TriMet’s Latest Big Lie

TriMet’s $166 million “Westside Express Service” (WES) commuter rail is a miserable failure. After going 60 percent over budget, it is carrying only about 600 round trips per day. The amortized value of the capital cost alone is enough to buy every one of those commuters a brand-new Toyota Prius every year for the next 30 years. Those Priuses would be cleaner than the WES too.

Click for a larger view. Thanks to Steve Schopp for the photo.
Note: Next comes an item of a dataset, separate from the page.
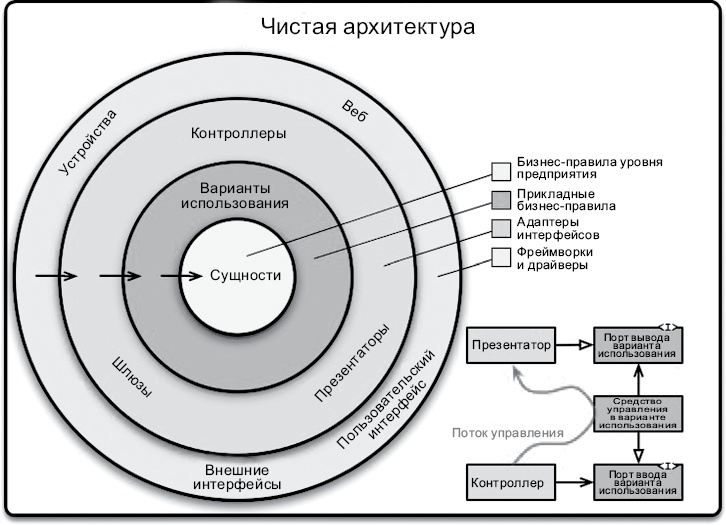 Иллюстрация к книге — Чистая архитектура. Искусство разработки программного обеспечения [i_085.jpg]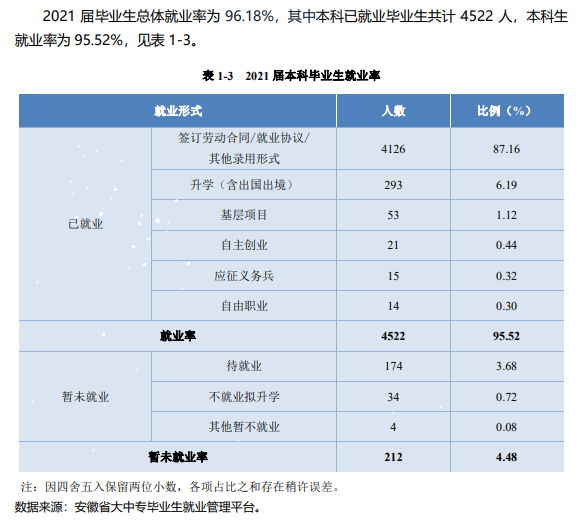 安徽新华学院失业率及失业远景怎样样,好失业吗？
So naturally TriMet wants to “celebrate WES” so much that it is advertising this great project on the back of its buses. Note that it isn’t asking people to actually ride the train, because that would never happen — no offense to Wilsonville, Tualatin, or Tigard, but from a transportation view the train goes from nowhere to nowhere, which kind of explains why hardly anyone rides it.